■ PROBLEM STATEMENT:
The output must contain exactly the lines from the top of the listing below through the line containing "2015 TOYOTA COROLLA L - 5YFBURHE7FP306693", and no pictures.

■ MATERIAL FOR THIS TASK:
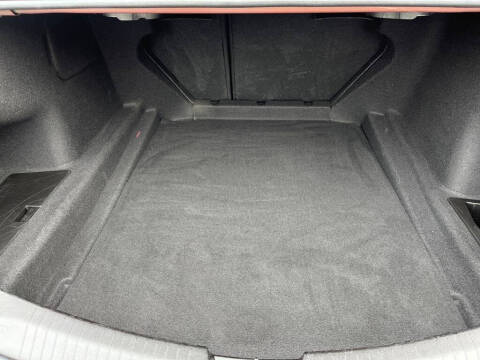 2020 Cadillac CT5 Premium Luxury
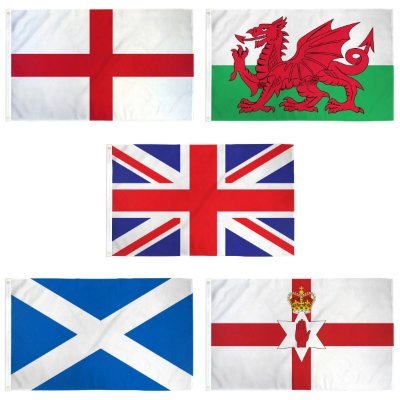 stevenpric27515's profile picture. I'm proud to be British!
Hate the globalists, SNP, Labour, and Liberal Democrats.
The conservatives have failed the UK.
Westminster is full of liars.
NO DMs.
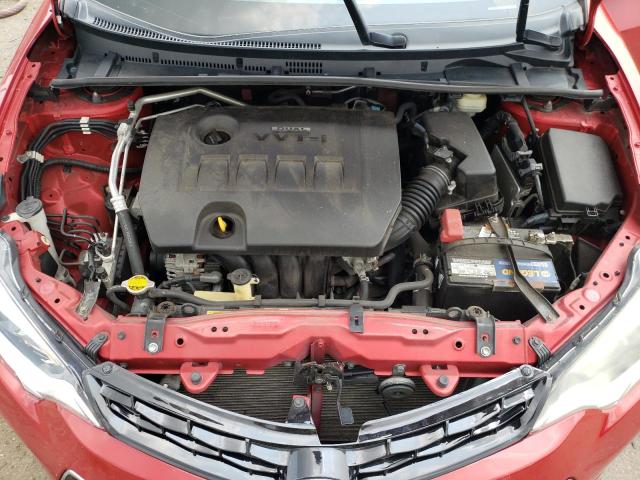 2015 TOYOTA COROLLA L - 5YFBURHE7FP306693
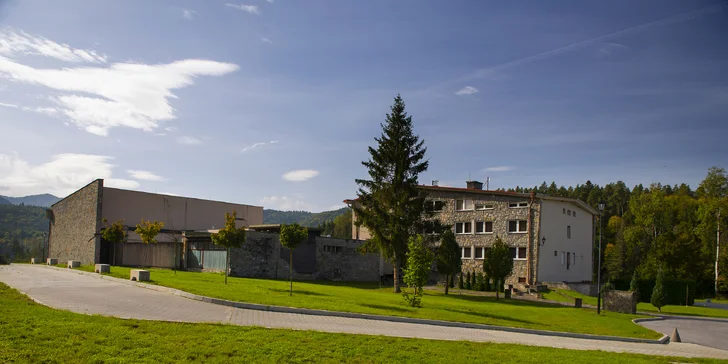Čingov je skvělým výchozím místem na túry, jako jsou Kláštorisko, Kláštorská roklina, Prielom Hornádu, Sokolia dolina či Suchá Belá.
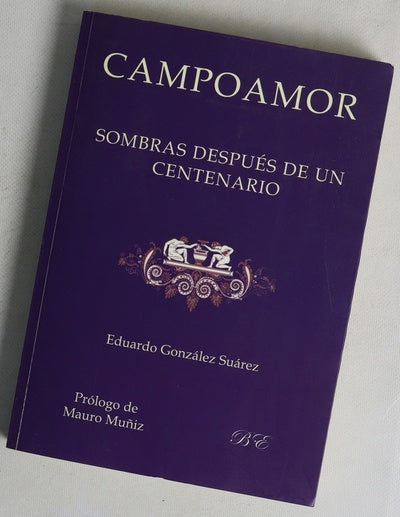 Campoamor: sombras después de un centenario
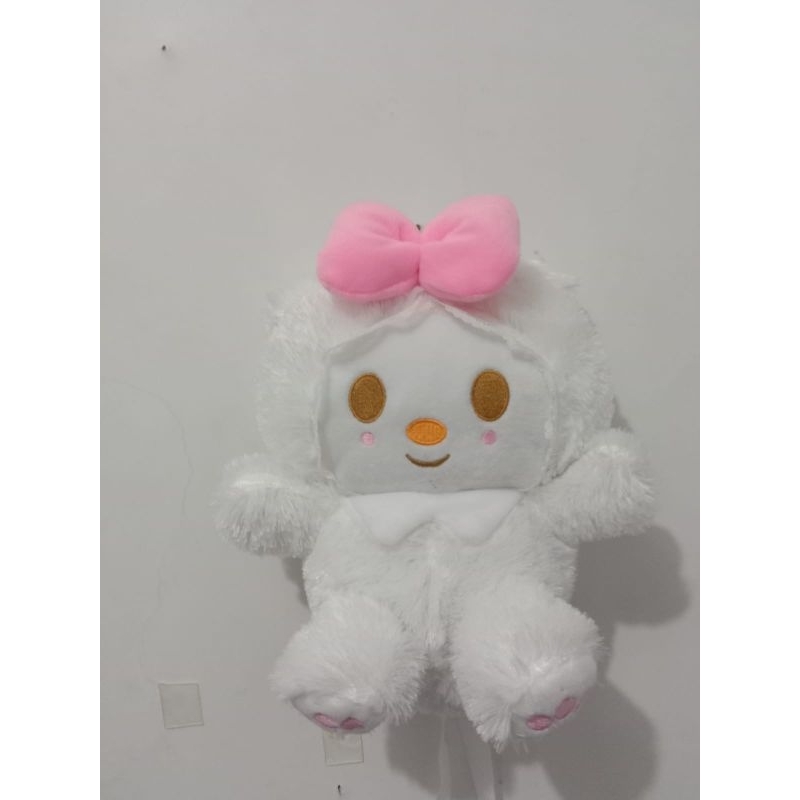 tas boneka melody.tas gendong/ransel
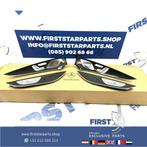 W257 C257 CLS KLASSE CARBON DEUR LIJSTEN SET INTERIEUR LRVA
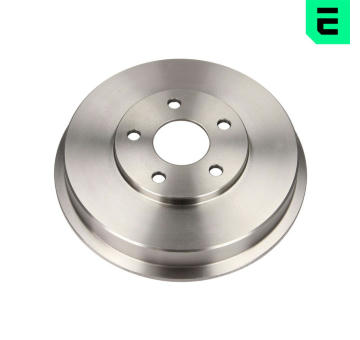 Brzdový buben OPTIMAL BT-1710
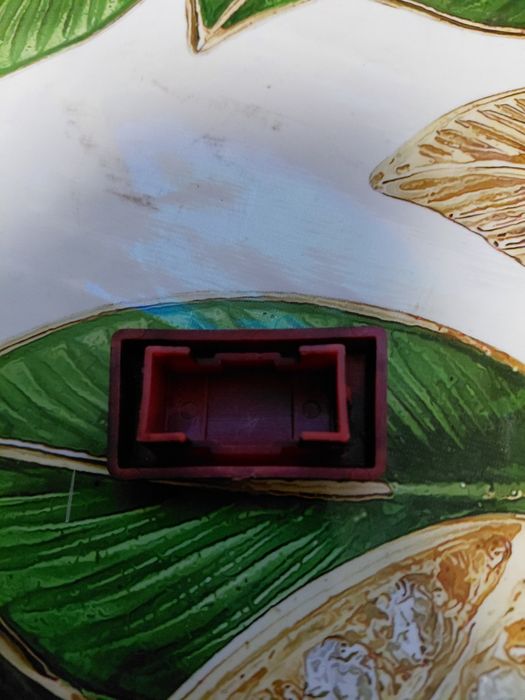 Кнопка аварика приора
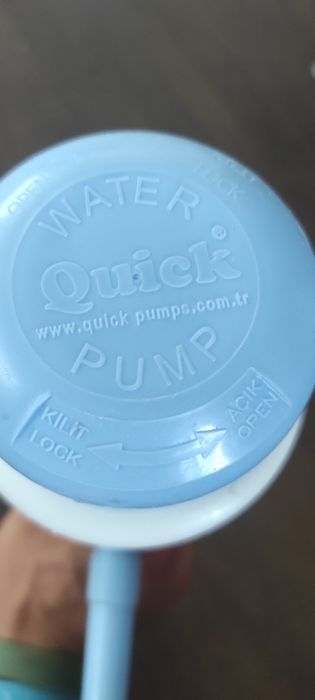 Продам помпу для води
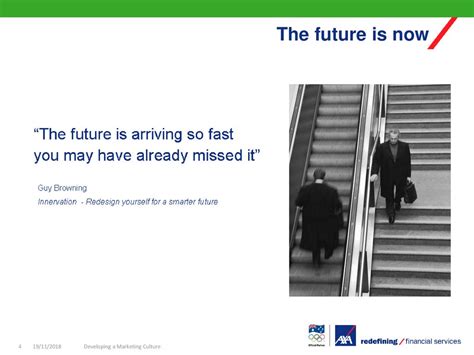 Developing a Marketing Culture - ppt download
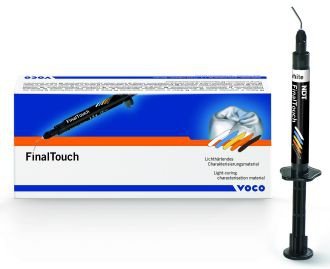 FinalTouch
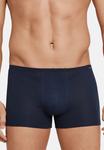 Трусы Schiesser Shorts Cotton Essentials, темно синий - фото 2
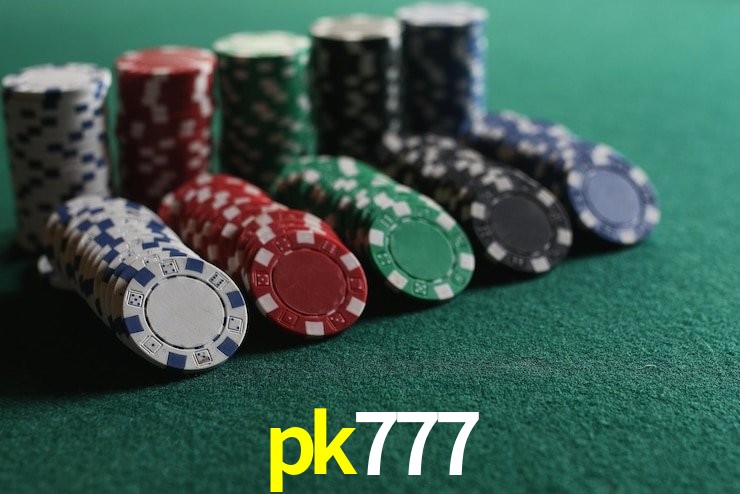 Exclusive Offers pk777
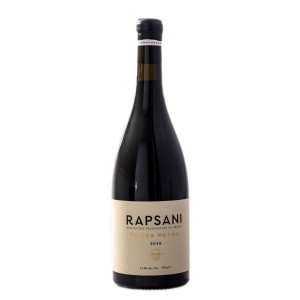 Rapsani Terra Petra 2020 Thymiopoulos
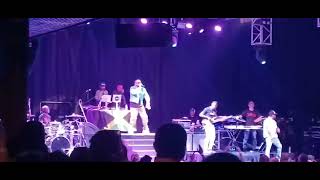 Sean Paul  Ever Blazin Live at House of Blues Orlando FL [upl. by Ahsanat]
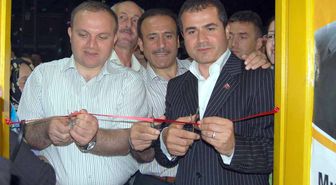 AK Parti'li Kılıç'tan MHP'ye 'Urgan' Eleştirisi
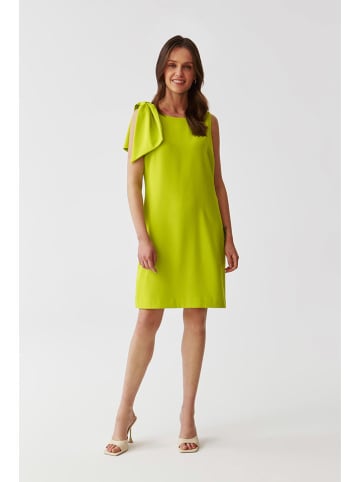 TATUUM Kleid in Grün
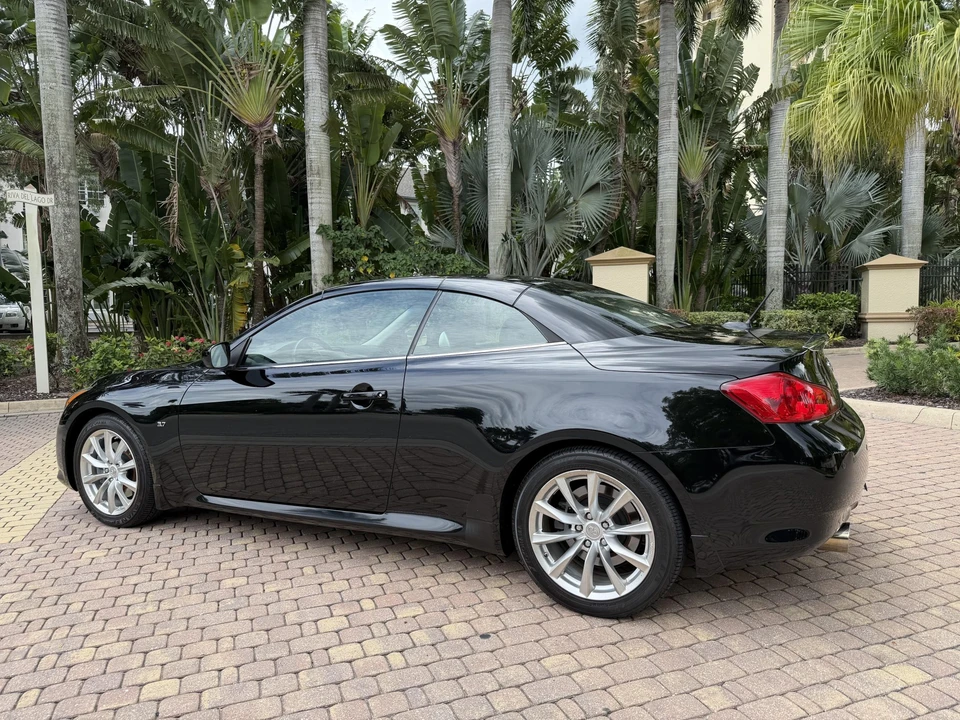 2014 Infiniti Q60 - Image 15 of 31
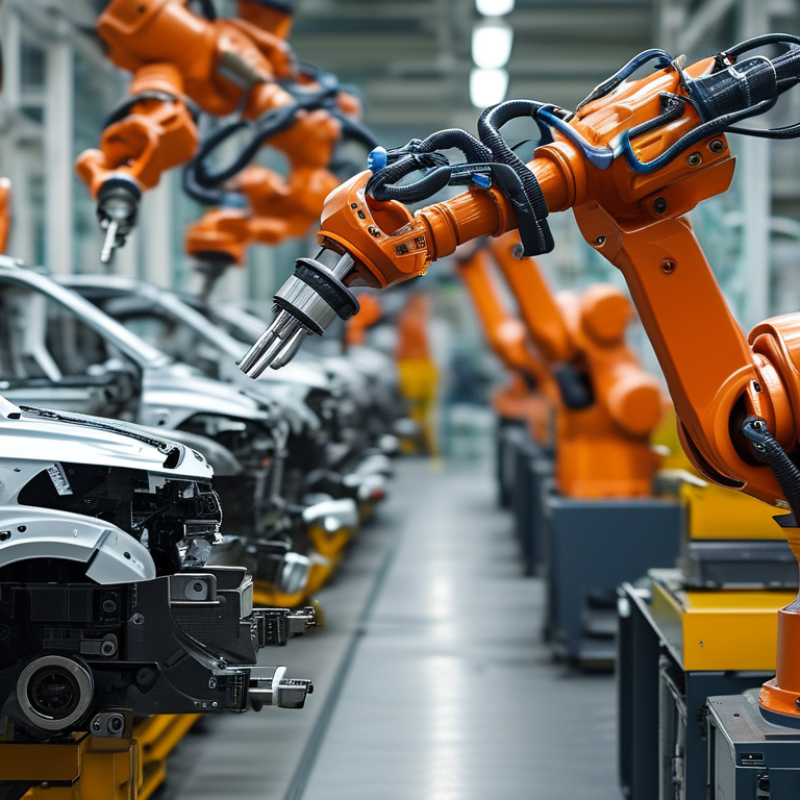 What is Vision Inspection Systems and How Do They Work?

■ ANSWER TO THE EXERCISE:
 2020 Cadillac CT5 Premium Luxury
 stevenpric27515's profile picture. I'm proud to be British!
Hate the globalists, SNP, Labour, and Liberal Democrats.
The conservatives have failed the UK.
Westminster is full of liars.
NO DMs.
 2015 TOYOTA COROLLA L - 5YFBURHE7FP306693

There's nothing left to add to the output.